== Segment start ==

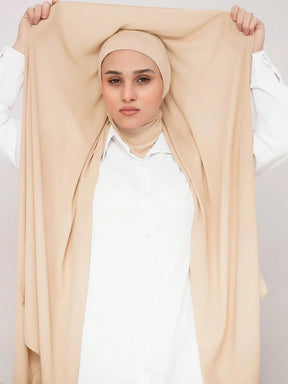 YZ136  Solid color pearl chiffon hijab and base hat combination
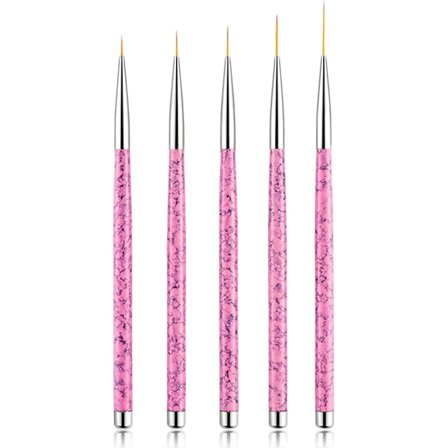 Neglebørste (rosa), 5 stk, 8/9/10/15/21 mm gel neglbørste for neglkunst gelmaling detalj.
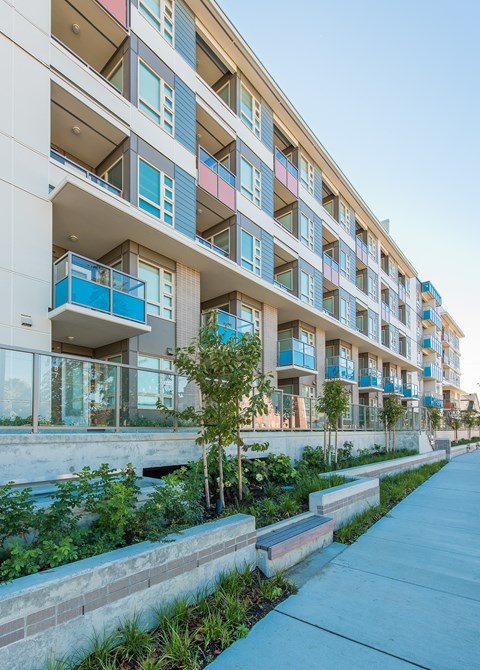 A modern apartment building with balconies and plants in front.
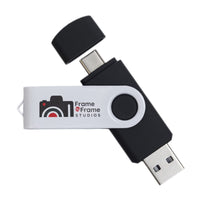 Swivel USB Flash Drive Dual 8GB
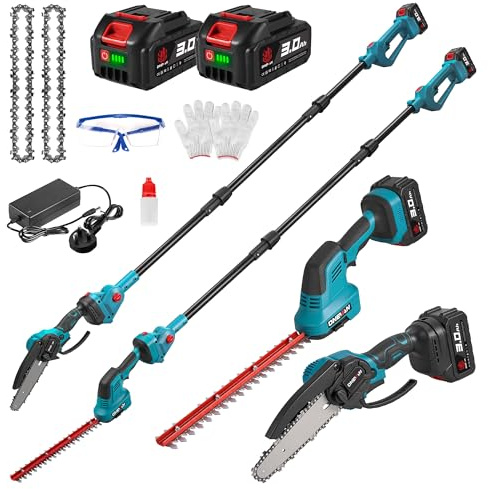 ONEVAN 4 in 1 Cordless Pole Hedge Trimmer & Pole Saw, 7.05ft Extension Pole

== Segment end ==

Your objective — In the answer, the entries must appear exactly as above, without the images.

Output of the exercise —
 YZ136  Solid color pearl chiffon hijab and base hat combination
 Neglebørste (rosa), 5 stk, 8/9/10/15/21 mm gel neglbørste for neglkunst gelmaling detalj.
 A modern apartment building with balconies and plants in front.
 Swivel USB Flash Drive Dual 8GB
 ONEVAN 4 in 1 Cordless Pole Hedge Trimmer & Pole Saw, 7.05ft Extension Pole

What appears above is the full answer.